Regular-article-logo Wednesday, 07 June 2023

A Roman thanksgiving in Darjeeling

126 years on, gift for the hill town whose tea was served in Rome's Babington’s Tea Rooms

Vivek Chhetri Darjeeling Published 11.07.19, 02:02 AM
Babington’s Tea Rooms

Babington’s Tea Rooms (Flickr)

Debts of gratitude from places as far apart as Rome and Siliguri have blended in Darjeeling to serve up the possibility of a restaurant that will be run by the young.

The plan for the restaurant was announced in Darjeeling on Wednesday when a businessman addressed students who had been handed certificates after being trained for three months to be multi-cuisine chefs and general duty assistants (nurses).


It was the latest serendipitous milestone in a long chain of events dating back to the Elizabethan age and laced with love, loss, palace intrigue and merciless retribution. Possibly unknown to itself, Darjeeling was swept up into the tide of seemingly unrelated occurrences in Rome 126 years ago, in 1893.

That was the year Babington’s Tea Rooms, one of several iconic teahouses in Rome, opened at Via Due Macelli. The first tea it served was Darjeeling Tea.

That nugget of information was passed on from generation to generation and reached Chiara Bedini, the fourth-generation owner of Babington’s.

A year ago to date, Bedini met Anneysha Ghosh, director of Hausos Ventures, a Hyderabad-based consultancy, through a common friend. The meeting on July 10, 2018, in Rome discussed a collaboration to impart skill-development training to youths in Darjeeling.

The idea of skill-development courses on multi-cuisine chefs and nurses in Darjeeling germinated at that meeting. The course was funded by Bedini, who wanted to give back something to the hill station whose celebrated tea had been served at Babington’s.

“My great-great-grandmother, Isabel Cargill, and her friend (Anna Maria Babington) came to Rome and started Babington’s Tea Rooms in 1893. The first tea they served was Darjeeling Tea,” Bedini said on Wednesday in Darjeeling, where she had come to hand over certificates to students who had completed the skill-development courses.

Heartbreak had brought Isabel to Rome. Isabel, whose father founded the city of Dunedin in New Zealand according to the Babington’s website, had travelled all the way to England to marry the man she loved but was spurned. She then went to Rome with Anna Maria, a descendent of Anthony Babington, who was hanged for plotting against Queen Elizabeth I.
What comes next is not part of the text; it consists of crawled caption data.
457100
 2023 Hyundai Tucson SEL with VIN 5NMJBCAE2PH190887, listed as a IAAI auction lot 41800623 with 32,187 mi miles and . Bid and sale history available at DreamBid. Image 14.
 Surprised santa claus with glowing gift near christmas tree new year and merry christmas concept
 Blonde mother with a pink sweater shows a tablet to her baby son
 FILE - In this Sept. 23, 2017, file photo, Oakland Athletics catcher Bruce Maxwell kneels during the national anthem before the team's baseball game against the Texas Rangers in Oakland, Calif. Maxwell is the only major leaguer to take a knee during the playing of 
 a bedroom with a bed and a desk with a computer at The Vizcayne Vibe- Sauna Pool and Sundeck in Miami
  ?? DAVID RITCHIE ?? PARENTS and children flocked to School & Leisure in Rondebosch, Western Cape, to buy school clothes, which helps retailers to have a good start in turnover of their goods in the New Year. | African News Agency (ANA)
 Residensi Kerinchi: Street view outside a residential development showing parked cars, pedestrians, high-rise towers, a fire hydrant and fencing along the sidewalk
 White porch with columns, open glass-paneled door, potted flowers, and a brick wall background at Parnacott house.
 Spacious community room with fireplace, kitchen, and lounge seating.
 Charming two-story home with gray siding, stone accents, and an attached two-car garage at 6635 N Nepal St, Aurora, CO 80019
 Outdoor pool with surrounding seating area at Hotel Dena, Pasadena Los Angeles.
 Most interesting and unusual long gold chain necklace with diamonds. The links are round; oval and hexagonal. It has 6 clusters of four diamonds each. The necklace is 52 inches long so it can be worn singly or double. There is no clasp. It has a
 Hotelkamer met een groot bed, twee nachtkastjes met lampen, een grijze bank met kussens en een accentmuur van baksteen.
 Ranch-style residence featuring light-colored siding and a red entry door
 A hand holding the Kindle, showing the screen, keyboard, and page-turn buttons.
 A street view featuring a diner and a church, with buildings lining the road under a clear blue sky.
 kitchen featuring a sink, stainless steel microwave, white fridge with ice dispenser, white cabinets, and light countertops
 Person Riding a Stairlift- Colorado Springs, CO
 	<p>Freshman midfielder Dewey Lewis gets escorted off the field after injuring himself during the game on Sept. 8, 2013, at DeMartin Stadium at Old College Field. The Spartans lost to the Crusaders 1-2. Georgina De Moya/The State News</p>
Chiara Bedini, the owner of Babington’s Tea Rooms, hands over a certificate at the valediction ceremony in Darjeeling on Wednesday as consultant 
Anneysha Ghosh (second from left) looks on

Chiara Bedini, the owner of Babington’s Tea Rooms, hands over a certificate at the valediction ceremony in Darjeeling on Wednesday as consultant Anneysha Ghosh (second from left) looks on Telegraph picture

The two friends pooled in £100 and started Babington’s Tea Rooms at Via Due Macelli where the flourishing English community would sip tea and read newspapers.

The venture was a success and within a year the teahouse moved to Piazza di Spagna at the foot of the Spanish Steps near the fountain of Bernini.

“Tea was then only available in pharmacies and sold as medicine,” said Bedini.

Bedini said she and Ghosh worked on a plan to collaborate with the Confederation of Indian Industries (CII) to impart skill-development training to youths from Darjeeling.

In a year, 50 students were selected and trained for three months to become multi-cuisine chefs and nurses. Many of the students have already received offers to work as trainees at restaurants.

Naresh Agarwal, a former CII chairman who was at the validation ceremony along with Bedini and Ghosh, told the students in his address to form a group of 10 or 12 and set up a multi-cuisine restaurant in Darjeeling, which he promised to fund.

“I am from Darjeeling and am settled in Siliguri. I want to give back something to my place,” said Agarwal.

“The restaurant will be named Bedini’s Multi-cuisine Restaurant,” he added.

Bedini, taken by surprise at the announcement, said: “As long as the restaurant also serves tea, it’s fine with me.”

The announcement by Agarwal comes at a time when Darjeeling’s own administration, the GTA, has for the past one year been sitting on a promise to build a skill-development centre that would have equipped local youths to launch initiatives similar to the proposed restaurant.

After a hills business meeting in Darjeeling in March 2018, the CII had approached the GTA to set up a multi-skill-development centre. Sources said the GTA had promised help and that a building had been identified for handover to the CII for the project.

But a year on, not much has moved. Sources said the CII would approach the new GTA chairman and principal secretary afresh.